Austrian far right says EU vote win gives it momentum for national race
By Francois Murphy
VIENNA (Reuters) -Austria’s far-right Freedom Party pledged on Sunday to carry the momentum from its first-ever victory in a European election into a national vote for parliament later this year.
After polling stations in Austria closed at 5 p.m. (1500 GMT), two television channels and news agency APA published a “trend forecast” based on surveys of 3,600 people carried out this week showing the Freedom Party (FPO) came first with 27%, ahead of the ruling conservative People’s Party on 23.5%.
Once the last polling stations in the European Union closed at 2100 GMT and vote counts could be published, national broadcaster ORF said the count of regular ballots plus a projection for postal ballots showed the FPO winning by a much narrower margin, with 25.5% to the OVP’s 24.7%.
“It is an electoral success that is based on, let’s say, critical positive reform, and we now want to bring this positive reform into the parliamentary election,” the FPO’s lead candidate Harald Vilimsky told national broadcaster ORF. “One election influences the other.”

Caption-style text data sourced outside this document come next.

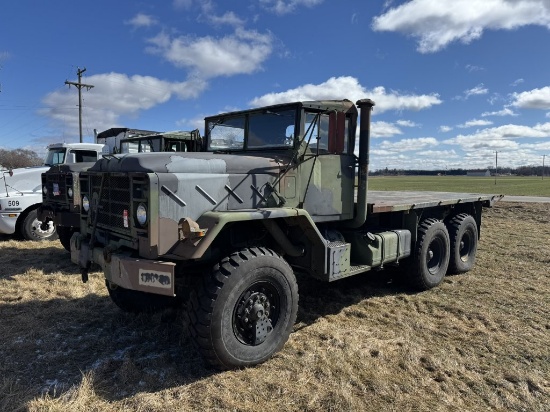 1991 BMY TANDEM AXLE MILITARY TRUCK, 6X6, CUMMINS, 250 AUTOMATIC TRANS, 16' BED, 5-TON, SOFT CAB, RE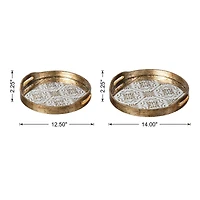 Glitzhome® Gold Round Abstract Mirrored Trays Set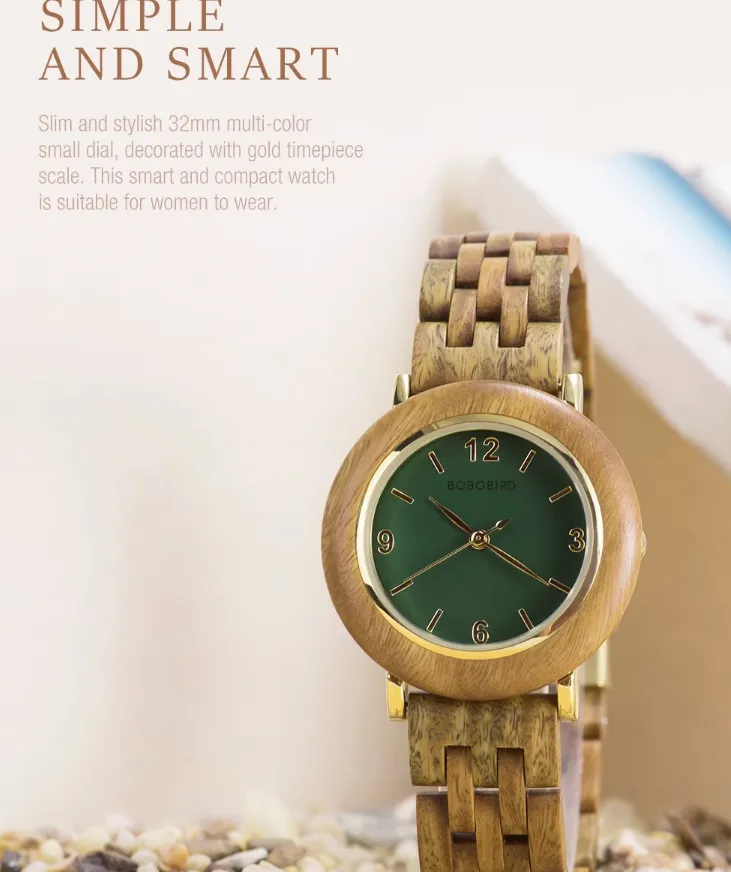 BOBO BIRD MINIMALIST CREATIVE DESIGN VINTAGE WOMEN'S WATCH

While Austria is a relatively small country with just 20 seats in the European Parliament, the vote is to some extent a rehearsal for Austria’s parliamentary election later this year. Opinion polls show the FPO has an even larger lead in that race.

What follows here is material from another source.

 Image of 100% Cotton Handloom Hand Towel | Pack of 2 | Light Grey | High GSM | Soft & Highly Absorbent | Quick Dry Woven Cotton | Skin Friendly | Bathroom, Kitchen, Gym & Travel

The vote must be held by October and is widely expected to take place on Sept. 29.
Voters across Europe were casting their ballots on Sunday in an election for the European Parliament that is likely to shift the assembly to the right.
The anti-immigration FPO now stops short of calling for Austria to leave the European Union but is heavily critical of the bloc, pledging to strip it of powers and halve its budget. It also opposes arms shipments to Ukraine and sanctions against Russia.
It is in the same political group as Marine Le Pen’s Rassemblement National, which projections showed as the clear winner in France. Both have capitalised on voter dissatisfaction with the government.
“I take my election result as a mandate to continue working on this Austrian model in Brussels, to bring powers back to Austria and to allow more direct democracy,” Vilimsky said.
The count and projection published by ORF showed the opposition Social Democrats in third place with 23.3% followed by the Greens on 10.9% and the liberal Neos on 10.1%.